### Work item
Each word in the data below should be copied exactly; the images should not.

### Supplied data
┏━━

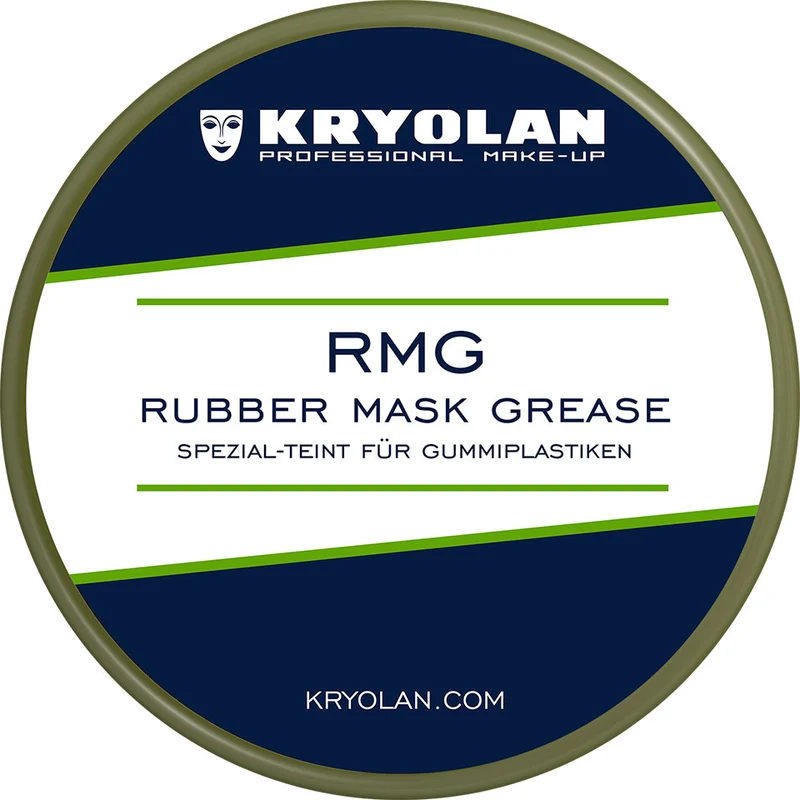 Kryolan RMG Rubber Mask Grease - Spezialteint für Gummiplastiken 8 ml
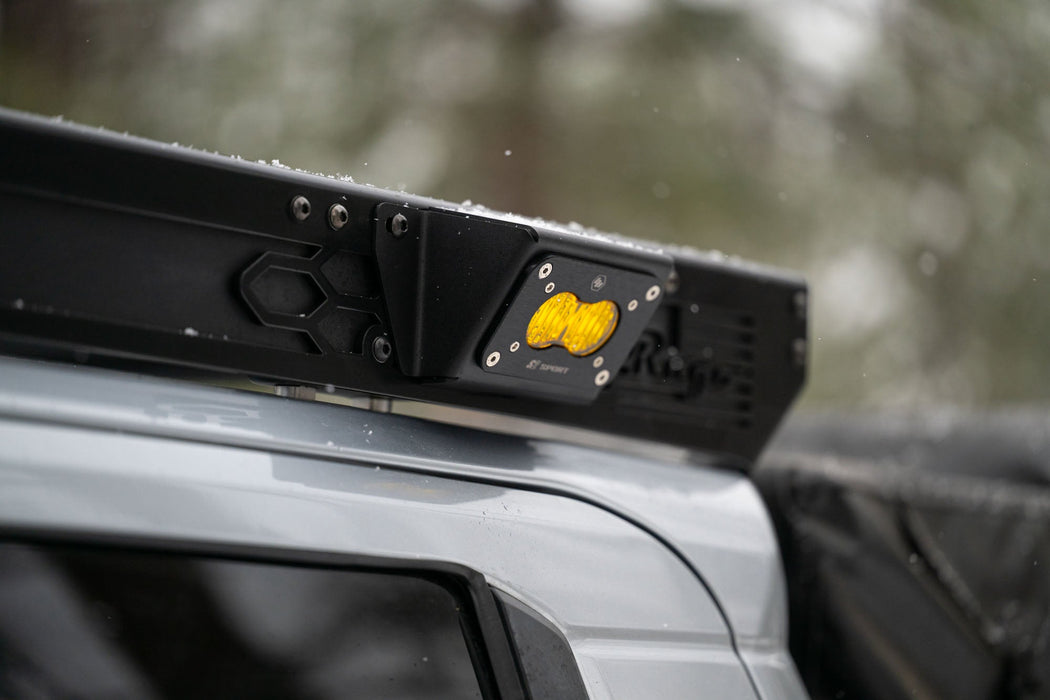 Rago Fabrication The Illuminator - Roof Rack Light Mount – image 10 of 22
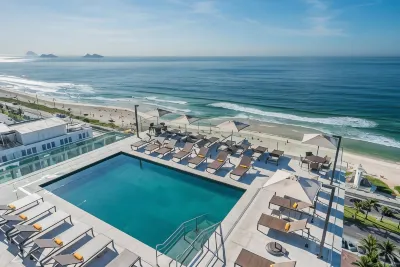 Windsor Marapendi Hotel Отели рядом с достопримечательностью «Riocentro»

┗━━

### The completed task
 Kryolan RMG Rubber Mask Grease - Spezialteint für Gummiplastiken 8 ml
 Rago Fabrication The Illuminator - Roof Rack Light Mount – image 10 of 22
 Windsor Marapendi Hotel Отели рядом с достопримечательностью «Riocentro»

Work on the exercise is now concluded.